*** Opening of Material provided ***
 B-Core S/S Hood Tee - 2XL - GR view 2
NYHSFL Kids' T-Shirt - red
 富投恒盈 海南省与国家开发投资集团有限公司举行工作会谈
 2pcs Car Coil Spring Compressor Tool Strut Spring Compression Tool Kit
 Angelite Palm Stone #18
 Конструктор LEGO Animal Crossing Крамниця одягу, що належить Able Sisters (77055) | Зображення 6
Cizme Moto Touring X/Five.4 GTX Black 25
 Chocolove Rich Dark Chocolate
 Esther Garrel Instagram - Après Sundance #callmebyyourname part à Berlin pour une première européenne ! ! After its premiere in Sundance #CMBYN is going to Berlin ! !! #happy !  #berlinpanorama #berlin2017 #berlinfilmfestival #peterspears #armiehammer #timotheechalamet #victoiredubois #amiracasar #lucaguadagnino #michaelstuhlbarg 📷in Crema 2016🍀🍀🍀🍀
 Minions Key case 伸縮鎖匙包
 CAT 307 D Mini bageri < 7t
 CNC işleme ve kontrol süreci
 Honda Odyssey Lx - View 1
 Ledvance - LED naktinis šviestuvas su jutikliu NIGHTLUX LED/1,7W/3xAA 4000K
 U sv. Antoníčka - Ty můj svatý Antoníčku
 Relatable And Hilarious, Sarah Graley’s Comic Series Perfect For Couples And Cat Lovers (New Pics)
*** Close of Material provided ***
**Task brief**
Return precisely the lines of the records, starting with the line that holds "CAT 307 D Mini bageri < 7t" and ending with the last one.

**Problem solution**
 CAT 307 D Mini bageri < 7t
 CNC işleme ve kontrol süreci
 Honda Odyssey Lx - View 1
 Ledvance - LED naktinis šviestuvas su jutikliu NIGHTLUX LED/1,7W/3xAA 4000K
 U sv. Antoníčka - Ty můj svatý Antoníčku
 Relatable And Hilarious, Sarah Graley’s Comic Series Perfect For Couples And Cat Lovers (New Pics)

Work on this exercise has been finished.